Only certain lines below are wanted: those starting at the line containing "Tirane, jepet me" and ending at the line containing "Riverside Appartement |", both included, each retyped exactly.

- _The data_:
*-*-*
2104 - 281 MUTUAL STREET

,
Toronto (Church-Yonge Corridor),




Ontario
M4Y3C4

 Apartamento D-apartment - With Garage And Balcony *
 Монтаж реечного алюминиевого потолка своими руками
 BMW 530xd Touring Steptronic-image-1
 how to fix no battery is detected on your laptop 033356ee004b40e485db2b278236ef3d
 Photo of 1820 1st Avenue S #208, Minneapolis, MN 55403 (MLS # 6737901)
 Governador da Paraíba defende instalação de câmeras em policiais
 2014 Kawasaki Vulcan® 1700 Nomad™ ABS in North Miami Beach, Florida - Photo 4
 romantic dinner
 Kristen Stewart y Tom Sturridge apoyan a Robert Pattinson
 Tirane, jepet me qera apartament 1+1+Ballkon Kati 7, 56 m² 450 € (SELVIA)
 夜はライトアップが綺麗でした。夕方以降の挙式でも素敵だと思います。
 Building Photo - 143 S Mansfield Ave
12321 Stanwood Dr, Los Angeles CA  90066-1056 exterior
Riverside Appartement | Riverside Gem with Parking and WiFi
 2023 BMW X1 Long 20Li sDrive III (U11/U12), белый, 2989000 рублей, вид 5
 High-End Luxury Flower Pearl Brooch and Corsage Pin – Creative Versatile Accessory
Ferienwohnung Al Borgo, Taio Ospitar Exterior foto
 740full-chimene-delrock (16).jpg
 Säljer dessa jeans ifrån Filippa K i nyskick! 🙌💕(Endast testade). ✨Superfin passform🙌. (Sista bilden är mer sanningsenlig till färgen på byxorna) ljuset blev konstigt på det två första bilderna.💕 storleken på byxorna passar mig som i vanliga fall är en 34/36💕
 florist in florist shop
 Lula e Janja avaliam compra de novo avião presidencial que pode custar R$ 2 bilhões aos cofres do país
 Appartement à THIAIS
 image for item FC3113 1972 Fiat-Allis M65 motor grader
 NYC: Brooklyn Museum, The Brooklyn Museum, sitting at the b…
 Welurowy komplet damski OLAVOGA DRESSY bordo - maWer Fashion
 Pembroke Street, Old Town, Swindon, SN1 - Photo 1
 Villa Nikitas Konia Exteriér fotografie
*-*-*
- _Your response_:
 Tirane, jepet me qera apartament 1+1+Ballkon Kati 7, 56 m² 450 € (SELVIA)
 夜はライトアップが綺麗でした。夕方以降の挙式でも素敵だと思います。
 Building Photo - 143 S Mansfield Ave
12321 Stanwood Dr, Los Angeles CA  90066-1056 exterior
Riverside Appartement | Riverside Gem with Parking and WiFi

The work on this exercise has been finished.